La différence juridique entre les villes libres et les villes impériales réside dans leurs devoirs à l’égard du roi/empereur. Elles pouvaient chacune être sollicitées pour la sécurité et la défense de l’Empire ; pour mener la guerre contre les Turcs ou les Hussites par exemple. Elles devaient aussi une aide financière et militaire au moment de l’expédition du couronnement impérial (Romzug). Mais en théorie, seules les villes impériales devaient l’impôt urbain royal (Stadtsteuer) chaque année au seigneur qu’était pour elles le roi. Elles lui prêtaient aussi un serment d’obédience et de fidélité.

Les villes libres étaient pour la plupart des villes émancipées vis-à-vis de leur seigneur épiscopal.
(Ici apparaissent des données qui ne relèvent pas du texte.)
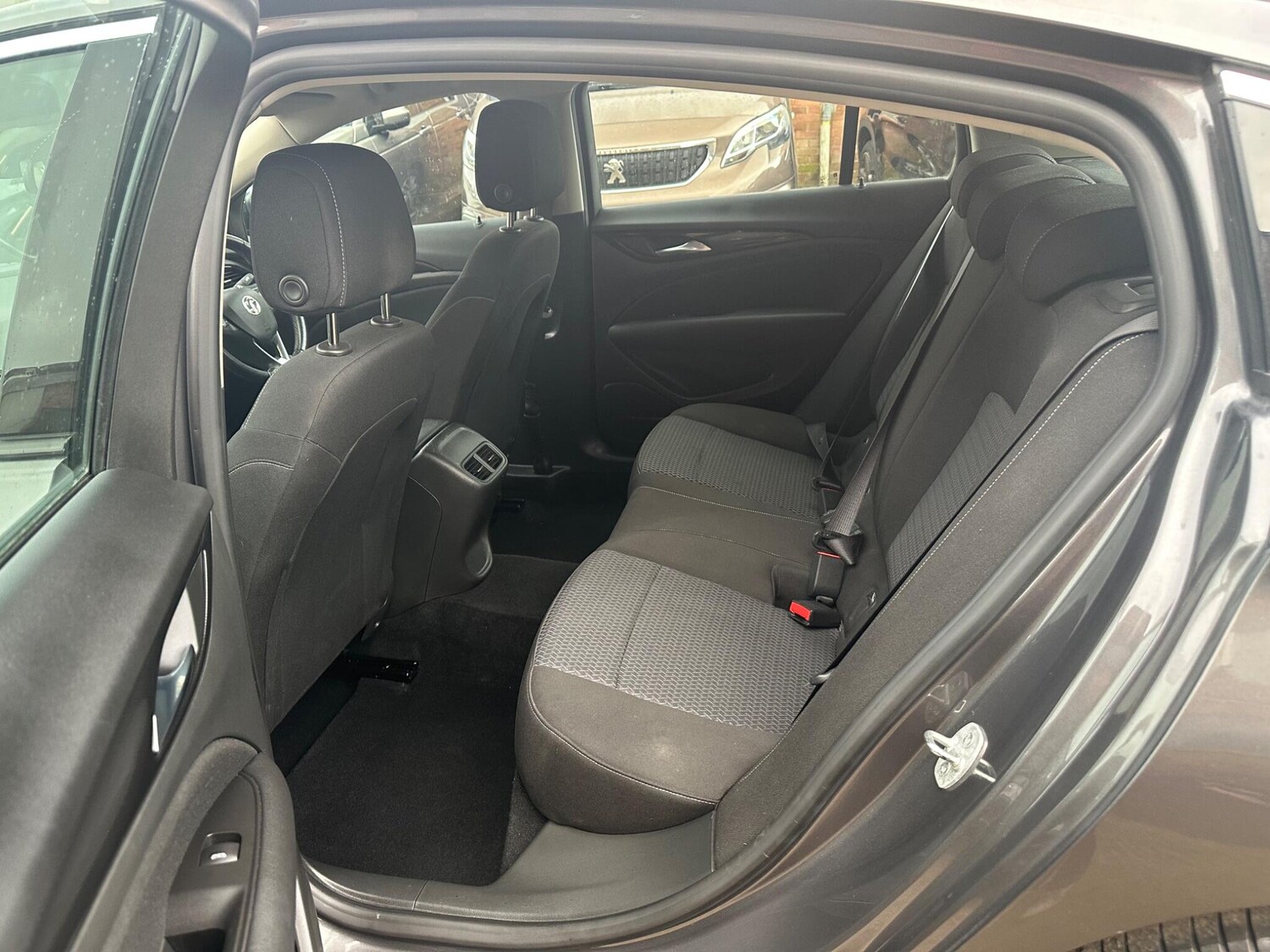 Used Vauxhall Insignia 2022 for sale - 78062698: Photo 33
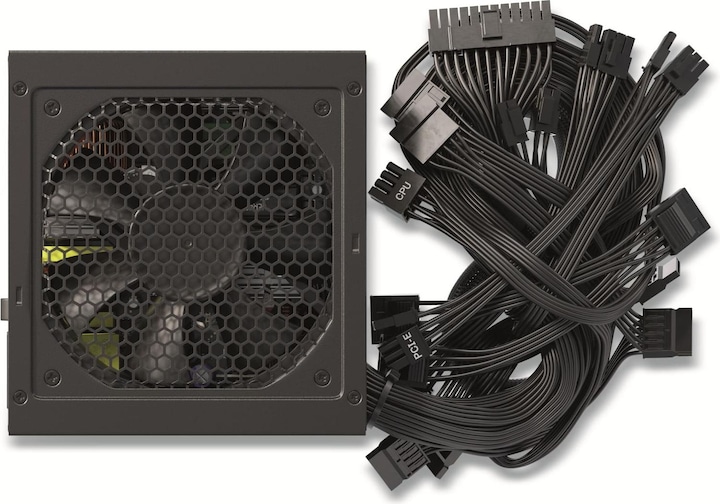 Produktbild Seasonic B12 (850 W)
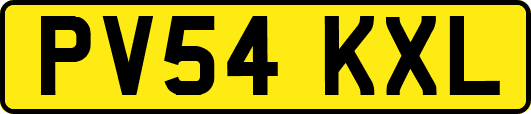 PV54KXL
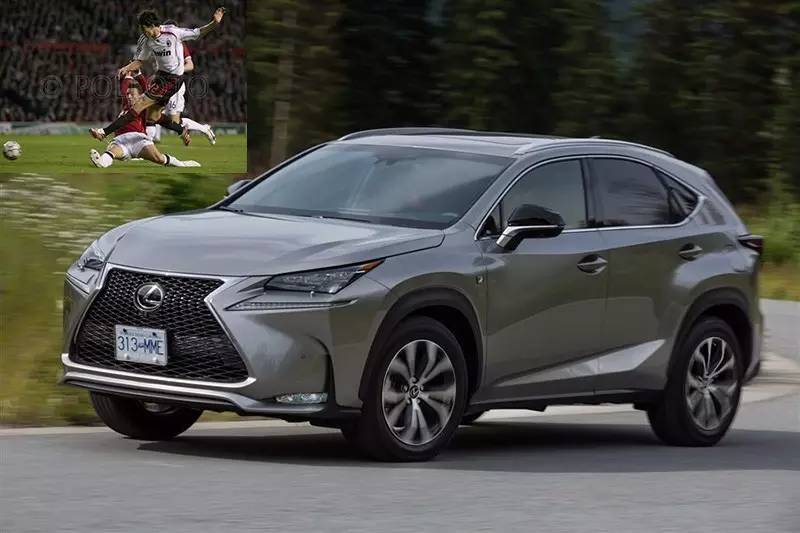 踢足球的玩什么游戏,踢足球的开什么车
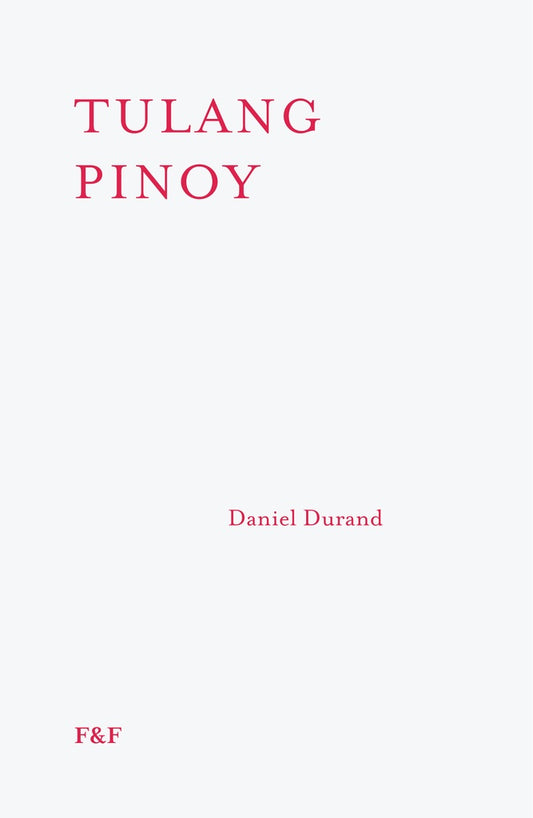 Tulang Pinoy | Daniel Durand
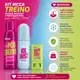Kit Ricca Treino: Shampoo à Seco 150ml, Spray Corporal Ice Mist 100ml e Bastão Zero Atrito 20g (2)
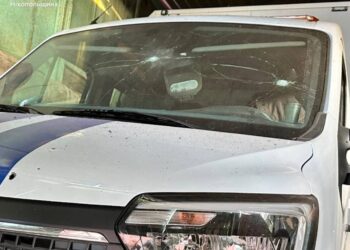 Атаки дронів на Дніпропетровщині: пошкоджені ліцей, адмінбудівлі та підприємство
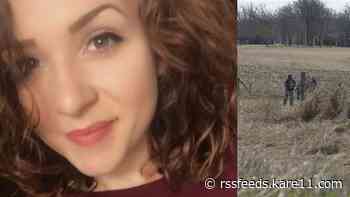 Family of Madeline Kingsbury plans prayer service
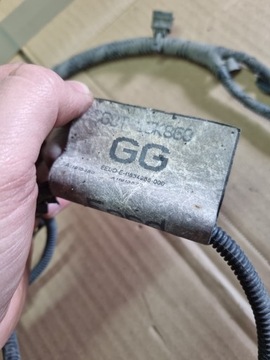 фото thumb №11, Джгут датчики паркування pdc зад s-max mk1 galaxy mk3 06-10 6g9t-15k868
Pour éviter tout retour en arrière, elles demandèrent au souverain de cautionner les libertés acquises, voire de faire contrepoids face au seigneur épiscopal. Jusqu’au XVe siècle, elles aidaient donc le souverain au gré de leurs intérêts et de l’insistance qu’il mettait dans ses requêtes. Comme tout membre de l’Empire, elles se disaient aussi prêtes à assurer sa défense et celle de la chrétienté.
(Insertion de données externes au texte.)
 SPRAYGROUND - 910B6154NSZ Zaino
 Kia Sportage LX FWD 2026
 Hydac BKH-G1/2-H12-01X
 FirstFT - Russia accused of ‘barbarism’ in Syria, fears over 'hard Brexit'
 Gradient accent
Les textes attestent des usages multiples et souvent indifférenciés de « Reichsstadt », « heilige Reichsstadt », « freie Reichstadt ». Les villes libres ne se revendiquèrent comme telles que pour récuser une demande fiscale du roi et rappeler qu’elles ne devaient pas l’impôt urbain au même titre que les villes impériales. Elles défendirent leurs privilèges mis en péril par une association de plus en plus fréquente des villes libres aux mêmes tâches que les villes impériales. La pression des Hussites et des Turcs sur l’empire, les guerres extérieures contre la France ou la Hongrie suscitèrent des demandes d’aide répétées de la part du roi. Les villes libres ne purent alors se soustraire puisqu’il y allait du salut de l’Empire. Soumises également à une pression de plus en plus forte de leurs voisins princiers ou anciens seigneurs urbains qui construisaient leurs territoires, elles avaient besoin de l’appui royal et se virent contraintes à une politique du donnant donnant qui entretint progressivement la confusion avec les villes impériales.

104.

Sur Feuchtwangen, voir Ludwig Schnurrer, « Verhinderte Reichsstädte in Franken », dans Rainer A. Müller (éd.), Reichsstädte in Franken, Munich, 1987, (Veröffentlichungen zur Bayerischen Geschichte und Kultur 15), vol. 1, p. 357-367 ; du même, « Feuchtwangen – Stift und Stadt. Ihre Wechselbeziehungen im späten Mittelalter », Jahrbuch für Landesforschung 31 (1971), p. 309-334 et « Feuchtwangen als Reichsstadt (ca.1230-1376), Jahrbuch für Landesforschung 41 (1981), p. 23‑43

A propos des engagères, cf. Götz Landwehr, Die Verpfändung der deutschen Reichsstädte im Mittelalter, Cologne, 1967, qui donne une liste des villes concernées. Pendant son règne, Charles IV établit 90 lettres d’engagement de villes et de privilèges urbains. Cette politique commença dès sa candidature au trône pour acheter des électeurs à partir de ses biens patrimoniaux. Quand une ville ou certains droits urbains étaient engagés, l’usufruit des taxes et impôts urbains allait au concessionnaire.

105.

Parmi les grands exemples du XVe siècle, un des cas les plus connus est celui de Mayence, prise d’assaut par son archevêque en 1461 ou Ratisbonne qui se donna aux Bavarois Wittelsbach de 1489 à 1491.

106.

Rothenbourg versa de cette façon en 1349 les amendes judiciaires, les impôts indirects sur les boissons, les droits de douane et de sauf conduit à l’évêque de Würzbourg. L’engagère fut levée par Charles IV en 1352.